My husband and I took the kids and Gazira to a BBQ that his Wing was having (he is in the AF). When I take her places where there are bound to be many distractions (especially food) I make sure to put her backpack on with some water in it for weight. Her backpack is red and black, and quite often she gets mistaken as a service dog. 

Anyway, I had my plate of food and was sitting at a picnic table eating and feeding our 17 month old. A lady at the table behind me got my attention and asked "is that a "trained" service dog?" I said "no, she is not a service dog, she doesnt have a service dog patch on her pack" she replied "she is very well behaved, I havent seen a dog as well behaved as her, especially when food is around" I replied "thank you, I strive for all my dogs to be well mannered, I have three others at home". At the mention of striving for all my dogs to be well mannered, her eyes got <u> huge</u> which suprised me. I told my husband about it and he said "well, thats because most people now days get a dog and just put it in the backyard and dont bother to train or socialize them". I see it all the time, I guess I just never think about it because I dont do that with my dogs.

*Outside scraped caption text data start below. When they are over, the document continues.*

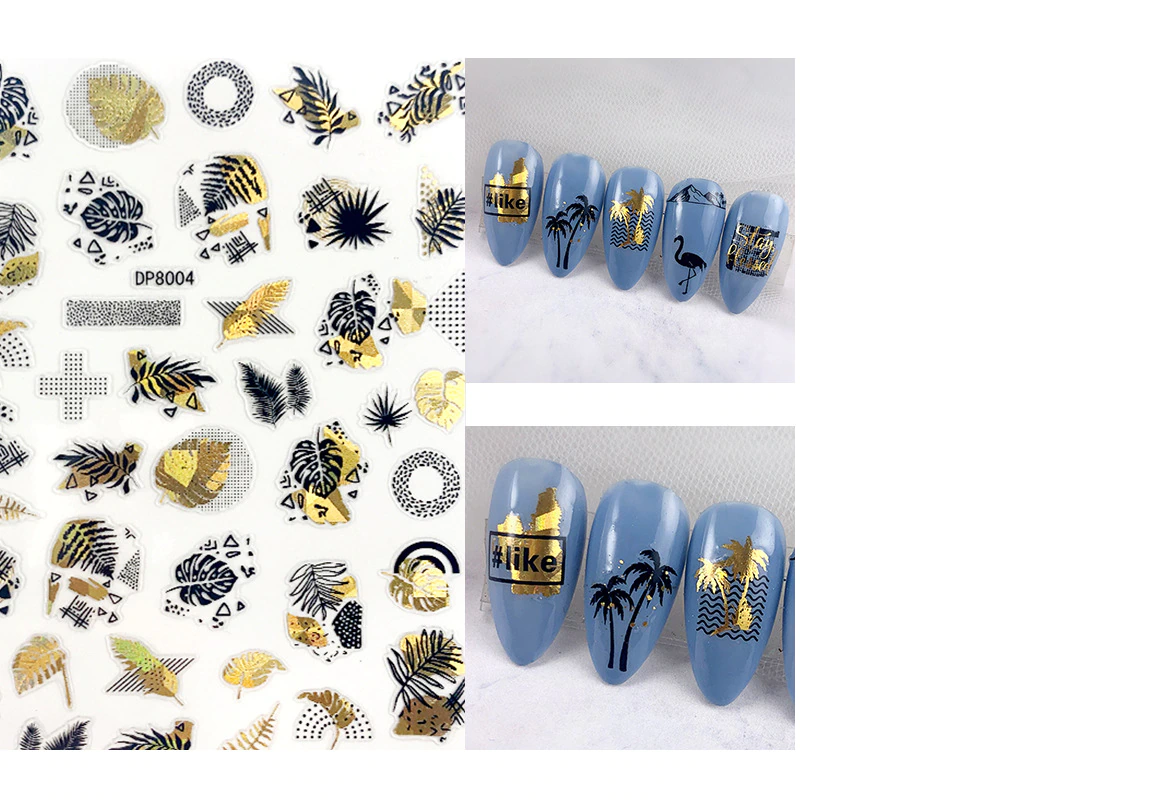 Geometric Leaves Flower Abstract Nail Art Sticker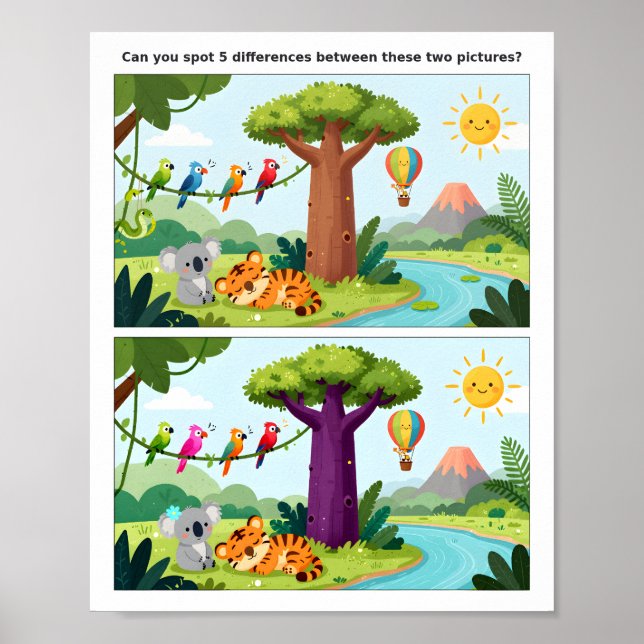 School Time Spot the Difference Poster – Education (Framsidan)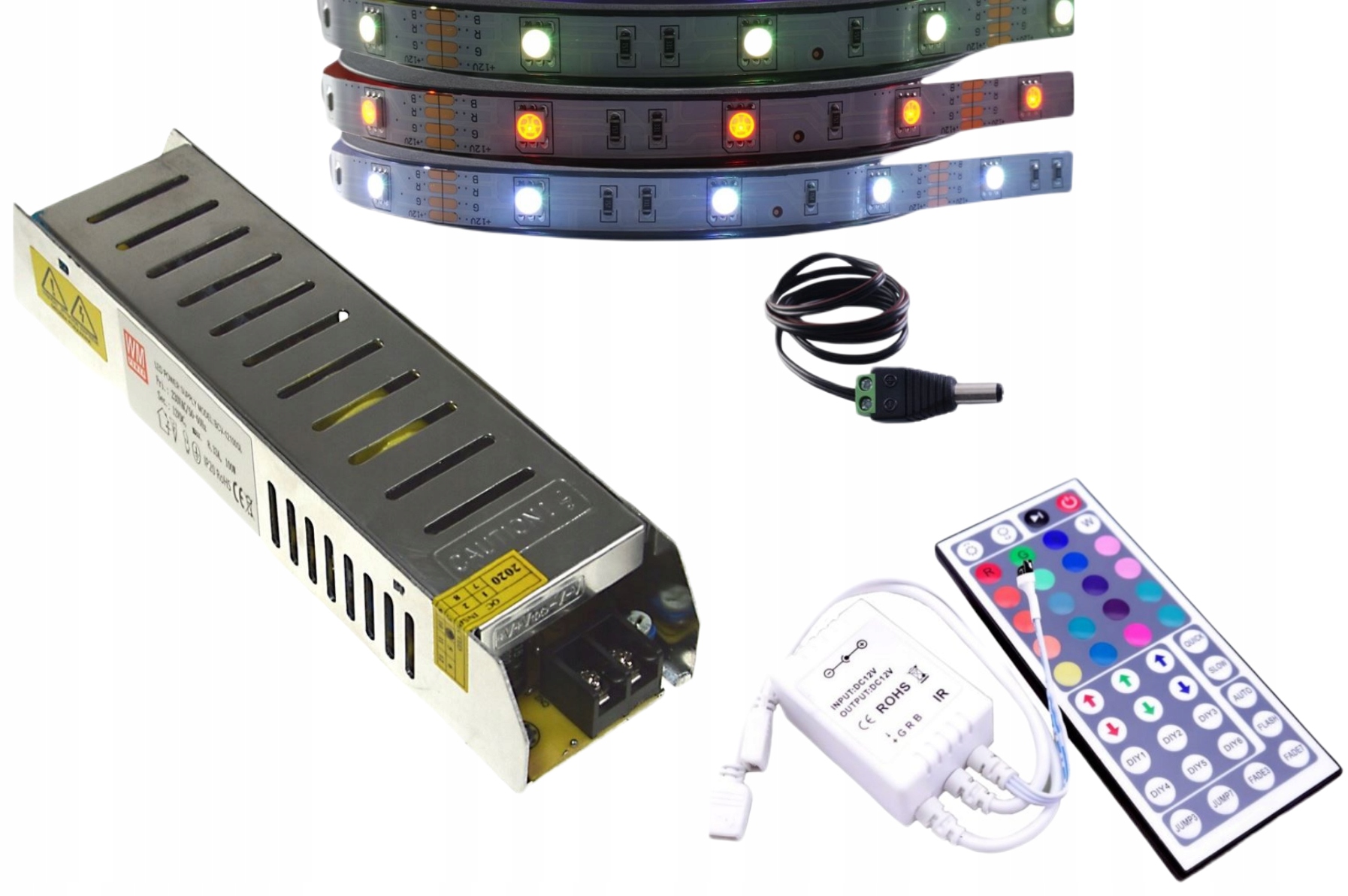 Set Led pásek Smd Rgb 5050 ovladač dálkový ovladač 15 m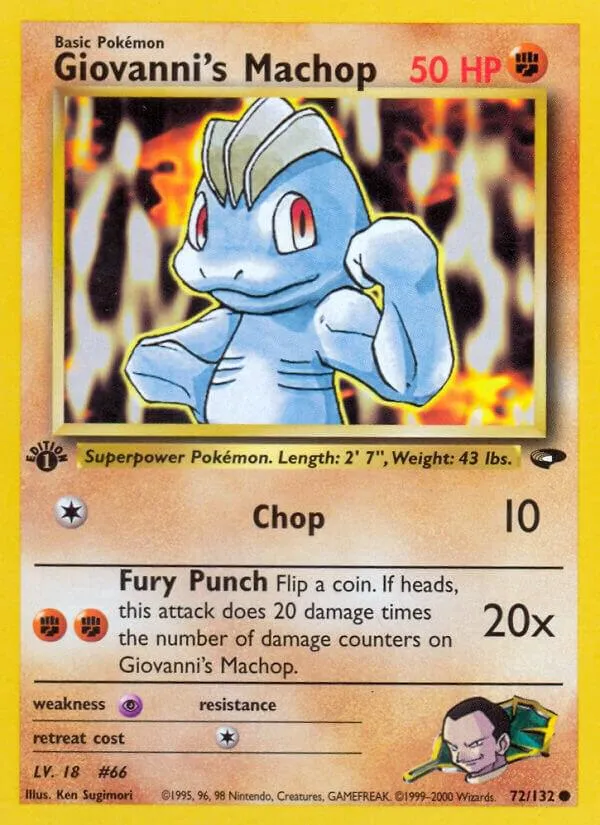 Gym Challenge 英語版 Giovanni's Machop 72 カード表面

Here are some pictures of her in her backpack (sorry, I had to take them in low resolution because of the reflective tape on the pack so they are not the greatest).


----------



## acurajane (May 21, 2008)

thats great. where did you get the pack at?


----------



## littledmc17 (Apr 9, 2008)

that is great
good baby


----------



## Kayos and Havoc (Oct 17, 2002)

What a good girl!!!!! And pretty too.

I sometimes think GSD's are held to a higher standard due to thier breed and the jobs they are known for.


----------



## Sherush (Jan 12, 2008)

Ah good girl and cute backpack. We got a backpack for Jesse too we still need to size it to him. I bet if you met Jesse you would finally say you found another well behaved dog. I have him trained regarding food: regarding cooking he lies outside the kitchen, when eating he lies at my feet and does not move.


----------



## elfwofle (Dec 22, 2007)

> Originally Posted By: acurajanethats great. where did you get the pack at?


I got the backpack from ihelppets.com, most of the proceeds go to help dogs rescued from puppy mills. The backpack is made by Outward Hound. Here is the link for it http://store.nexternal.com/shared/StoreF...et=products.asp


----------